Кан болезненно сморгнул: свет, видимый ему одному, резал глаза. Сквозь фиолетовую дымку небес проступали все новые нити серебряной паутины, более мелкие, тонкие. Им не было числа. Вскоре уже и сам Сигиллан виделся ему эдаким мотыльком, попавшим в живую паутину, которая пошла узлами и разрывами вокруг него. И — так просто, словно Кангасск-оружейник собирался чинить кольчугу — Ученик подмечал, что местами разрывы кружев судьбы вполне поправимы, а в других случаях… достаточно лишь добавить немного сияющего серебра…


— Омнис говорил, что знает причину, — умирающий мир произнес это уже шепотом. — Спроси его сам.


…Кангасск не ошибся тогда… Душа родного мира предстала перед ним мальчиком лет пяти. Точь-в-точь маленький Максимилиан с древнего фото… Иначе и быть не могло, если миродержцы творили Омнис, думая и тоскуя о потерянном сыне. И слезы этого малыша выглядели не менее искренними, чем у человеческих детей.


— Как хорошо… — он всхлипнул, закрыв лицо ладошкой. — …что ты послушал мою маму. Что поступил, как она учила тебя… Это было… как последнее слово. Оно дало Триаде другой смысл.

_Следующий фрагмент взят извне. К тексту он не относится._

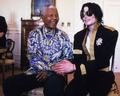 Michael And Good Friend, Nelson Mandela - michael-jackson photo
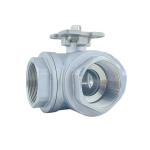304/316 Stainless Steel Three-Way High Platform/Gland Type Valve for Chemical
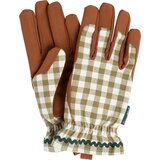 Burgon & Ball Vrtne rokavice "Collector" - karo - Olive | Shoptok.si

Чувствуя, как оцепеневшую душу пробирает дрожь; жмурясь от нестерпимого света паутины, видимого лишь ему одному, Кангасск Дэлэмэр протянул руку и осторожно потрепал мягкие волосы малыша-мира…

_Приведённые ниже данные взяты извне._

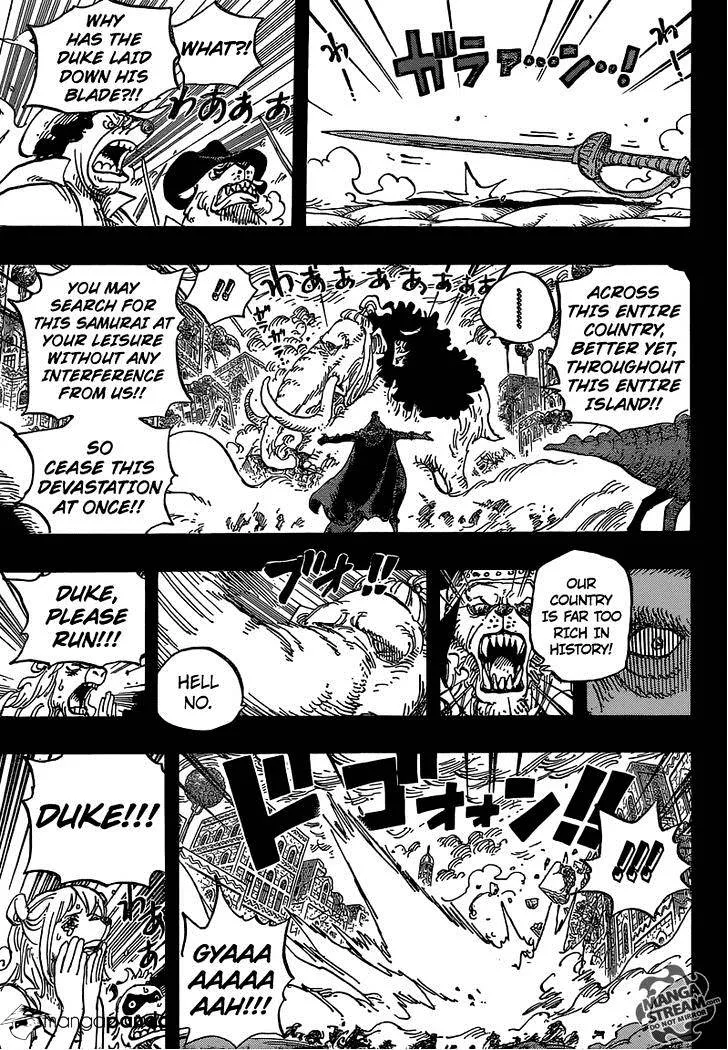 One Piece Chapter 809 page 12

Влада. Учитель. С ее необъяснимым состраданием даже к тем, кто несомненно заслуживал жестокой кары. Как прежний Алый Совет. Как Гердон Лориан. Как многие и многие, кого Кангасск даже не знал.

Когда… неужели всего за два коротеньких года ученичества это успело войти в мысли и душу, в плоть и кровь последнего и самого недоученного ученика? Он ведь не задумывался, поступая. Не выбирал. Не рассматривал вариантов. Ни когда защищал стига перед Флавусом, ни когда отказал себе в быстрой победе (что может быть быстрее, чем метнуть нож в спину..), ни когда готов был отпустить его, человека, опасного даже без магии и стигийских камней… Осознал все это Кангасск только сейчас. И поразился самому себе.


— …Ты не уподобился ему, — продолжил его мысль Сигиллан. — Ни в жизни, ни после смерти… Но кто ты теперь, я не знаю. И никто не знает. Хотя мнения дальних миров, вроде тех, откуда приходят наши родители… миров-первоисточников… я не могу спросить… Впрочем… — он издал грустный смешок, — я уже ничего не смогу…

— Сможешь… — с улыбкой возразил ему Кангасск и рассмеялся… всему: себе, осознавшему; миру, утонувшему в свете бесчисленных нитей; необъяснимому спокойствию в душе, какого он, будучи простым смертным, ни в одной из жизней не знал… И заверил того, кто уже утратил для него ясный человечий облик: — Ты будешь жить, Сигиллан. И я — тоже…


Когда четыре щербатые луны Сигиллана обернутся убывающими серпами и выстроятся в одну линию над горизонтом, придет конец всему, и не будет рассвета, лишь ослепительная вспышка сотрет все живое с лица земли…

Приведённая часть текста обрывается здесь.